South Korea’s financial regulator is pumping iron with a series of new amendments to approaching crypto regulations – with new anti-money laundering (AML) clauses and a ban on privacy coin trading.
According to Fn News and ZDNet Korea, as well as Paxnet, the regulatory Financial Services Commission’s Financial Intelligence Unit (FIU) – a professional AML team – revealed a detailed set of ordinances to be put in force when the nation’s first crypto-specific legislation declares in March 2021.
In a shock for privacy coin operators, tokens like zcash (ZEC) and monero (XMR) will be formally banned under the new policy, as the FIU declared to eliminate “all forms” of anonymity in domestic crypto trading.
Still, no major South Korean exchanges currently list privacy coins, with monero the last privacy token to be delisted earlier this year. This followed a national backlash facing the tokens, which were determined to have been used by the operators of a brutal “members-only” rape and sexual exploitation video chat room hosted on the Telegram app.
Furthermore, many of the specified provisions cover the same sort of area described in the original bill; one critical development will include the role of banks in the crypto sector.
Present government policies require banks that provide fiat on-off ramp services to customers to make use of “real-name” crypto exchange accounts that are verified with social security numbers and other forms of identification.
These policies will become mandatory next year.
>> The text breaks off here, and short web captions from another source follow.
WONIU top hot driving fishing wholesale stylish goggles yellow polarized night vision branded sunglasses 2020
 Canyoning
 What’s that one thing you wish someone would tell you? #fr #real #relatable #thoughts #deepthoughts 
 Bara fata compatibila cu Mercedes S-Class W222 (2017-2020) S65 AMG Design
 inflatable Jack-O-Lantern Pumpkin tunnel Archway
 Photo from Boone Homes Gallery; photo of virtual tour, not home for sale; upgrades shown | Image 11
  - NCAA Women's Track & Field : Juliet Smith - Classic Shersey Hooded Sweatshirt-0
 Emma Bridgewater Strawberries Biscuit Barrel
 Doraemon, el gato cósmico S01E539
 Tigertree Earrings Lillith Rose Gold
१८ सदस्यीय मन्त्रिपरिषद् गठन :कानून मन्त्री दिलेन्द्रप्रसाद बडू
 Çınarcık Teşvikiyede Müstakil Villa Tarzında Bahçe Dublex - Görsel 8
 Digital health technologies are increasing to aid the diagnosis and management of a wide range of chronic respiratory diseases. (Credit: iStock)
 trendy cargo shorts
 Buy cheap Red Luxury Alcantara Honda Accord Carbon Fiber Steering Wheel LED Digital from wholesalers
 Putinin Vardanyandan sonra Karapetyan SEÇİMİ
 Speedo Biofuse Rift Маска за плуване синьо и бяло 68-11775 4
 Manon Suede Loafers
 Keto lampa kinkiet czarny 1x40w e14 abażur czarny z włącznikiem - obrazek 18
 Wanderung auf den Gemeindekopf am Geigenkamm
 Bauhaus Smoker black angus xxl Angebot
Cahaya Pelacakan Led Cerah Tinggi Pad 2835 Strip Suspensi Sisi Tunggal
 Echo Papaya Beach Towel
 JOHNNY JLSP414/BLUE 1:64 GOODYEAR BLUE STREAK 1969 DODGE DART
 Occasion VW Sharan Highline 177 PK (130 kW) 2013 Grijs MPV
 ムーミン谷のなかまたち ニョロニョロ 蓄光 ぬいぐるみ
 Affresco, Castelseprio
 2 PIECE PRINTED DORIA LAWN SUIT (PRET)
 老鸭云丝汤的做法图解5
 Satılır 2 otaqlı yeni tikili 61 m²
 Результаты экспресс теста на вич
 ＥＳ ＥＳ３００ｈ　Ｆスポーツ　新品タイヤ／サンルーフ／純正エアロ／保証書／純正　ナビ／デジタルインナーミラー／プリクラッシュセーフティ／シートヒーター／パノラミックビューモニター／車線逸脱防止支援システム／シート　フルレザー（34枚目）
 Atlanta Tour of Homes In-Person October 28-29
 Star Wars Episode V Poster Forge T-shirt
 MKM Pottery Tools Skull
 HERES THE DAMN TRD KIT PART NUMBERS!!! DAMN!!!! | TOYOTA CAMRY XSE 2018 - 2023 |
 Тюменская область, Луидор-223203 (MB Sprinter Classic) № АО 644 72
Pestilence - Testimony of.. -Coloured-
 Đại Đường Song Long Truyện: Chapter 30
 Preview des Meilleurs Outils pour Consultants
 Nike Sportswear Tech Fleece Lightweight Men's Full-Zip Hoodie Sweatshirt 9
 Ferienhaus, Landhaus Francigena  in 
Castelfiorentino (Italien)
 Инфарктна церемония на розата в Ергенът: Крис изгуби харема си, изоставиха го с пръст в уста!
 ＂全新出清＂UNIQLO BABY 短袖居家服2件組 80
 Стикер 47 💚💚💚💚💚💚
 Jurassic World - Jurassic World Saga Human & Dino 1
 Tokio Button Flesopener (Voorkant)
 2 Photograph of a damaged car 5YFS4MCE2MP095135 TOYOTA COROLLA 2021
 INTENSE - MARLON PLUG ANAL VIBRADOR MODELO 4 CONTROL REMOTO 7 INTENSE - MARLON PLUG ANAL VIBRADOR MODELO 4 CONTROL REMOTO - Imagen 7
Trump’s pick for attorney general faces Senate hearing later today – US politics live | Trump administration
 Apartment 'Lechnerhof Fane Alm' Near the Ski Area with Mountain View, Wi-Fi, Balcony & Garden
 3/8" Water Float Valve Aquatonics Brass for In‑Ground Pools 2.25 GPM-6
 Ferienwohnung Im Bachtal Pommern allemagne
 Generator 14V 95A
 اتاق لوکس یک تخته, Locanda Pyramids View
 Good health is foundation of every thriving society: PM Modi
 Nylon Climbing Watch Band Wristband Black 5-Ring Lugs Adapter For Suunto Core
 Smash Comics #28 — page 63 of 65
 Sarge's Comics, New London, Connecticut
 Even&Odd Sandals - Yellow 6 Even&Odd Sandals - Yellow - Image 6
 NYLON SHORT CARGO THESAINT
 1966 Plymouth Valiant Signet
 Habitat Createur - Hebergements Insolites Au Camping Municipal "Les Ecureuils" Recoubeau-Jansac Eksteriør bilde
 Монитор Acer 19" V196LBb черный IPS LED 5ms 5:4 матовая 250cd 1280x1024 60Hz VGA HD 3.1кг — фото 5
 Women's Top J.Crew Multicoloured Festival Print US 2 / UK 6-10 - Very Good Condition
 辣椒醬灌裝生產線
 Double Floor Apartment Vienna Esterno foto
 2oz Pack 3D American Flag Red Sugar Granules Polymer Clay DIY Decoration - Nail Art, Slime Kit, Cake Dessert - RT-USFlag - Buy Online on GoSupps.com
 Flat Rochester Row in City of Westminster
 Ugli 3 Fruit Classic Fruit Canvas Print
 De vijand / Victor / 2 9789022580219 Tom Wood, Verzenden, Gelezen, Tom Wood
But the FIU has added a new layer of regulation, stating that banks will become responsible for running AML risk assessment checks on exchanges (and their customers) – in addition to the AML requirements arranged on exchanges themselves.
In conclusion will hand more power to banks, who currently offer their services to exchanges on a rolling six-month contractual basis.
The FIU’s provisions also include an affirmation that exchanges keep their fiat funds and those of their customers in separate accounts.